つまり原田芳雄も宇野重吉もすぐれた俳優であったことは確かだとして、そしてどちらも、「存在感」ということで評価を得た俳優であったということを考え合わせると、新劇も映画もテレビも含めて、事はかなりややこしくなってくる。ナチュラリズムとリアリズムの区別などということまで話を広げると収集がつかなくなってしまうが、しかしこれは、「演劇論」というもの、「演技論」というものの、ブラックホールに片足のかかった厄介な問題であることは確かだろう。で、私の好み(と、ここでは敢えて言っておく)からすると、ボソボソ台詞の存在感というのは、どうも「うさんくさい」、少なくとも「ずるっこしい」ような気がしてならないのだ。
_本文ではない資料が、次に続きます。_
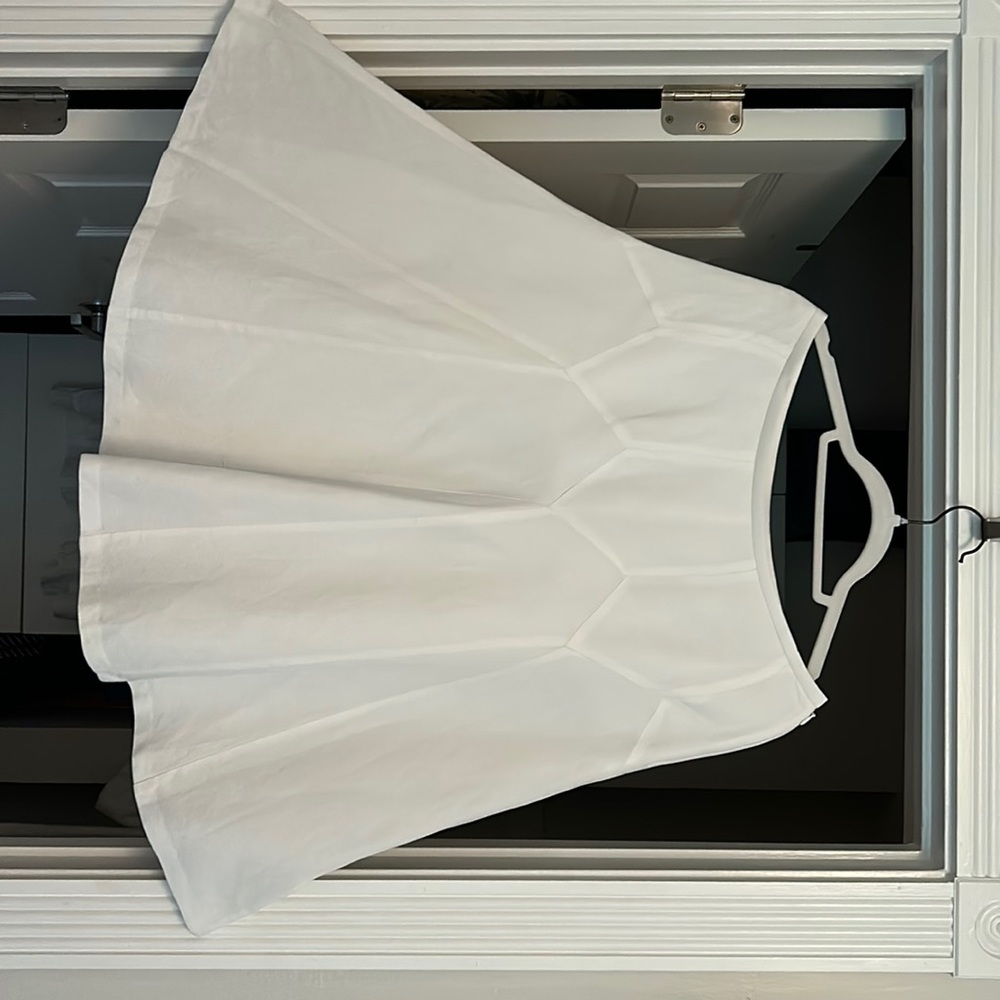 White linen flared skirt.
(もっとも、原田や宇野の場合は一種の「高等芸」であったとはいえるだろう。)

もうひとりの同世代人の訃報といえば竹脇無我で、こちらの方が親近感は覚えるが、しかしここでわざわざ語るほどのものを持ち合わせているわけではない。

二葉あき子となると、全盛時代はこちらの幼少の砌であって、母がファンだったからラジオの歌声はもちろん、日劇でその舞台姿を見たのもかすかに覚えていて、そういう意味での懐かしさはあるが、彼女自身に対する思い入れというものとはそれは違う。
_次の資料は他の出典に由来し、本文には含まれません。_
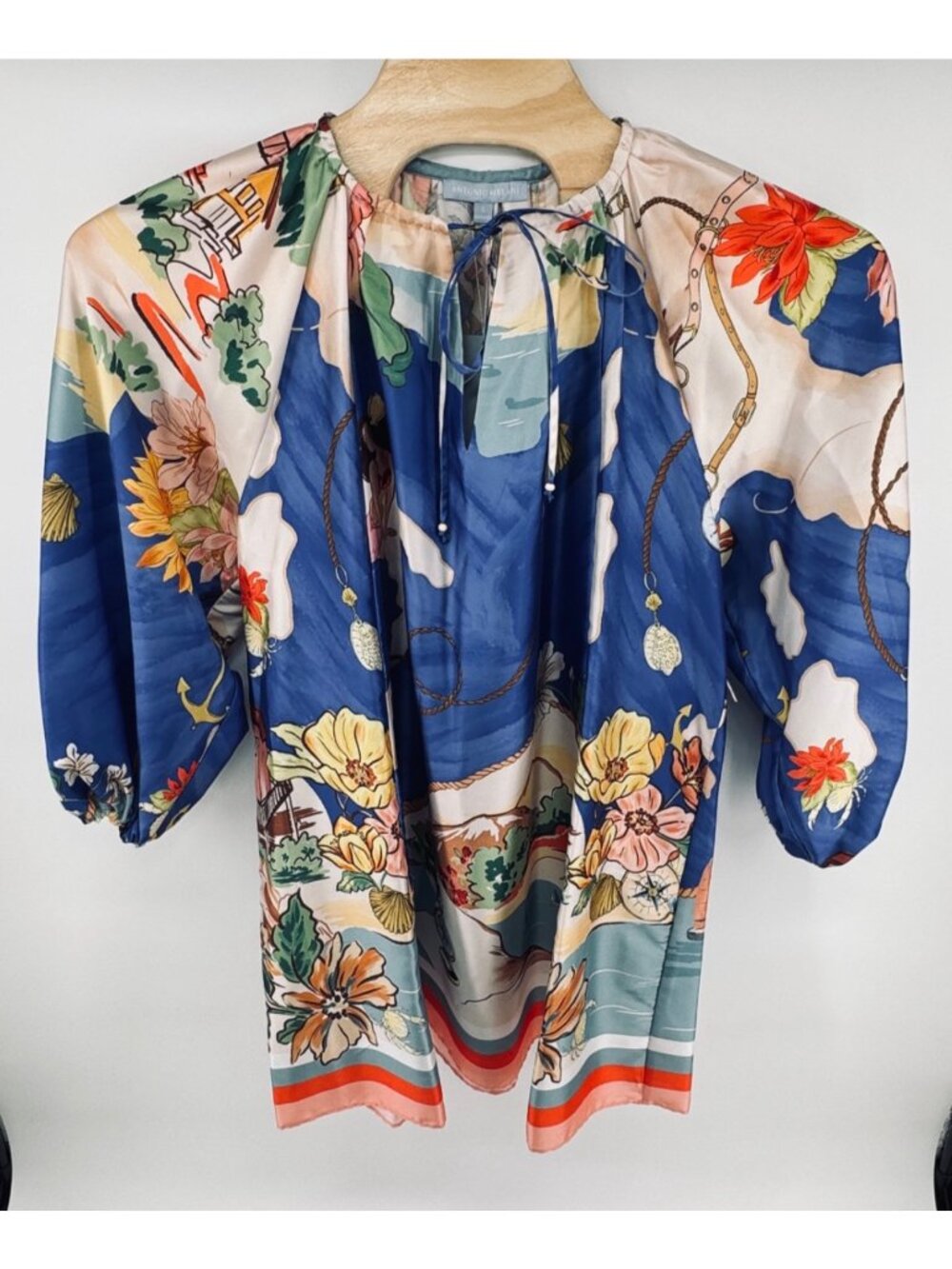 Women's Blue Floral Print Long-Sleeve Mini Dress - Picture 4 of 15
となると、私にとっての感慨といえば、先月の訃報欄で見たふたつの小さな記事ということになる。高城淳一といえば、まず大方はテレビ草創期の人気ドラマ『事件記者』での、安ポマードの匂うリーゼントスタイルの髪型で部下の山田吾一を怒鳴りつけてばかりいる二流新聞の記者の役にとどめを刺すだろうが、高城に限らず、当時はまだラジオドラマ全盛時代がダブっていたから、この世代の若い新劇人というのは、同時にラジオドラマの人気者でもあった。高橋昌也だとか名古屋章だとか、その他その他、私はまず、ラジオの声で知ったのだった。(いまもなお矍鑠としている久米明などもその生き残りである。)この辺りのことを、その内、もう少しきちんと思い出して書いておくのは意義があるかもしれない。

もうひとりの浜口喜博は、戦後の水泳界で古橋・橋爪に次ぐスターだった。ということは、全盛時代がオリンピック不在と重なった悲運の世代でもあるわけだが、中・長距離泳者の古橋・橋爪に対し浜口は短距離陣のエースだった。なかなかの男前でもあったから、現役を引退後は大映映画のスターになって、『ブルーバ』という(じつは正確な題名を思い出せなかったので『キネ旬』総目録という虎の巻を確認した)ターザン亜流の映画に主演したのが、当時われわれ中学生の話題だった。1920年代の金メダリストだったジョニー・ワイズミュラーがターザン役者としてハリウッドのスターとなって活躍していたのの、何匹目だかの泥鰌となったわけだ。もっともその後、役者としてこれといった仕事をした記憶はない。訃報を見ると、やはり水泳界ではそれなりのエライ人になっていたらしいから、他人事ながら安心した。